[ABOUT THIS TASK]
The entries below contain pictures, which are to be left out; write out exactly, and only, the lines from the line with "Jablotron JA-120PB BUS" up to and including the line with "Biohazard-Taste auf der Tastatur — Stockfoto".

[INPUT]
----

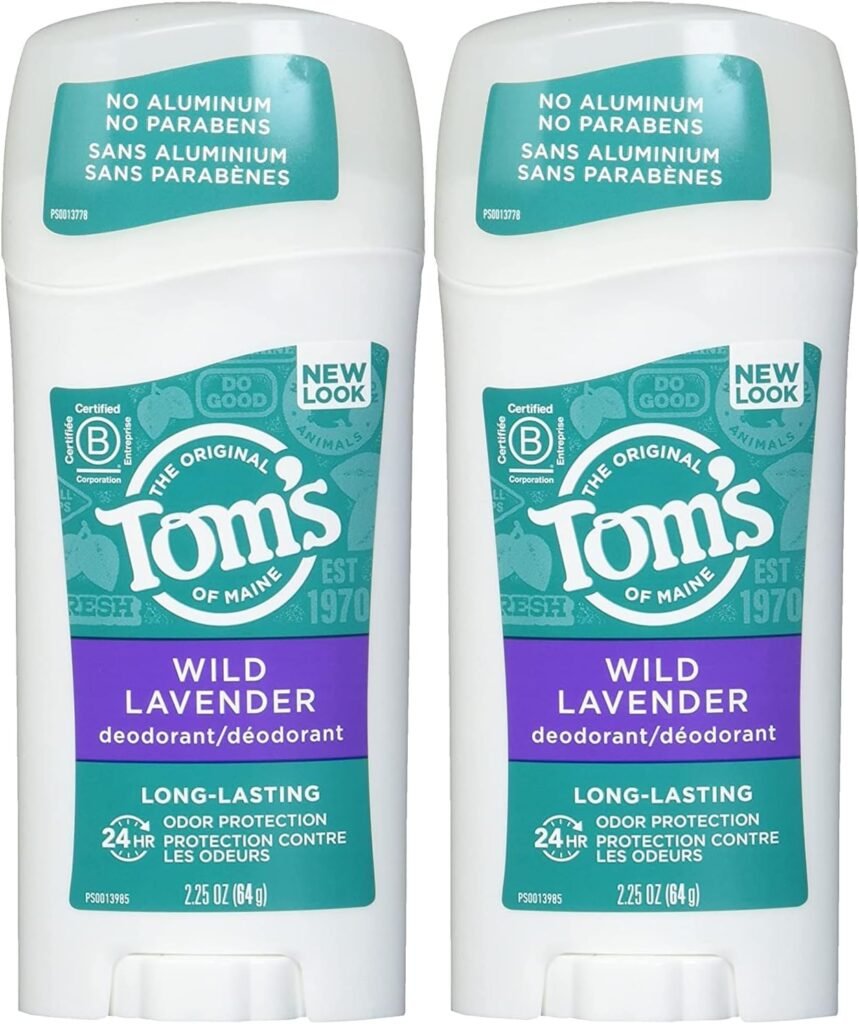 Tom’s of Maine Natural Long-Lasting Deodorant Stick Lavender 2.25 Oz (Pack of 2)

----

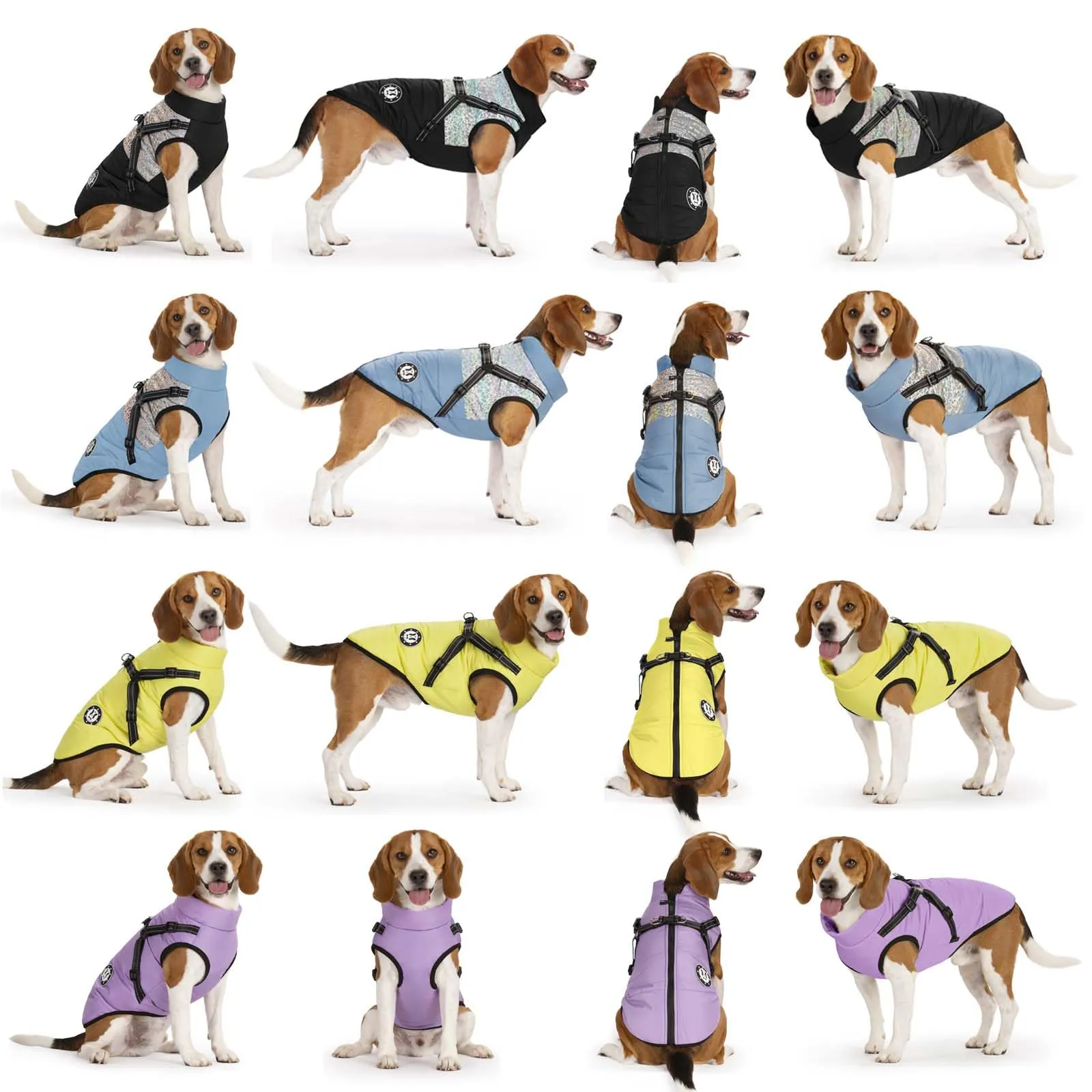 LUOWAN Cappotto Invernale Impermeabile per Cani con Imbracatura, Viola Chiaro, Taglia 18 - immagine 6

----

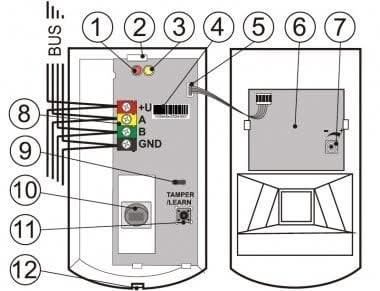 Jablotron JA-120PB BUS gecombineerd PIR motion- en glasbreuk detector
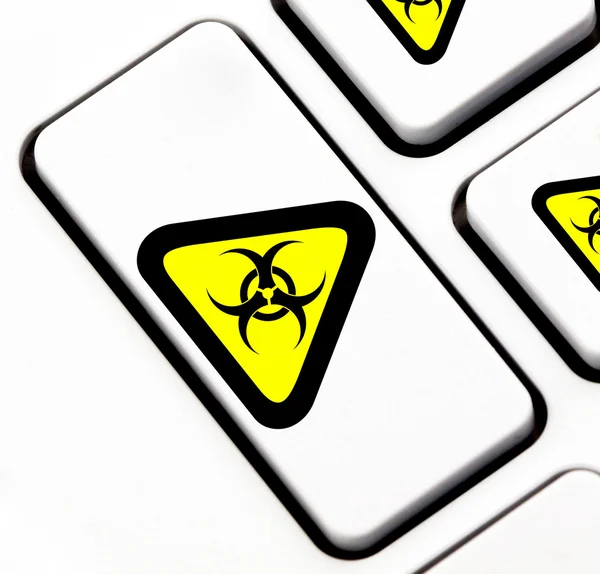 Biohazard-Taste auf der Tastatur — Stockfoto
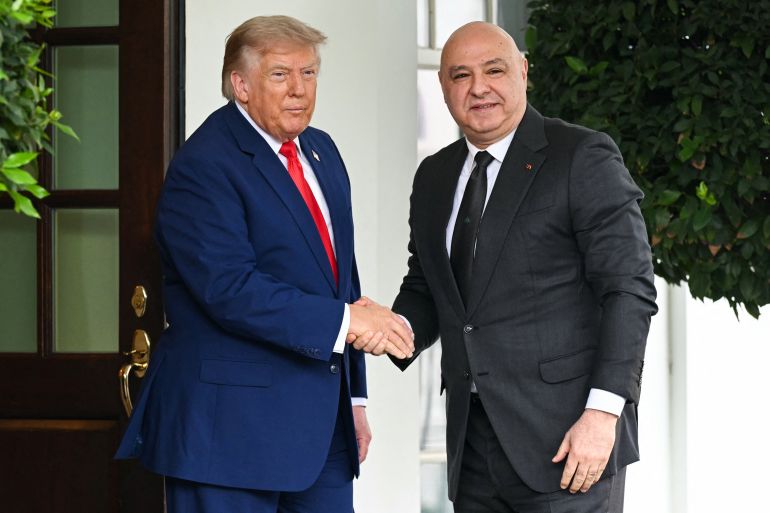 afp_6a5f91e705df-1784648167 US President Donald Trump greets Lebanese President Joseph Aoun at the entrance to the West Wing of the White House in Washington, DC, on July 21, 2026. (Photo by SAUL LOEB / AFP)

----

[RESPONSE FOR THIS EXERCISE]
 Jablotron JA-120PB BUS gecombineerd PIR motion- en glasbreuk detector
 Biohazard-Taste auf der Tastatur — Stockfoto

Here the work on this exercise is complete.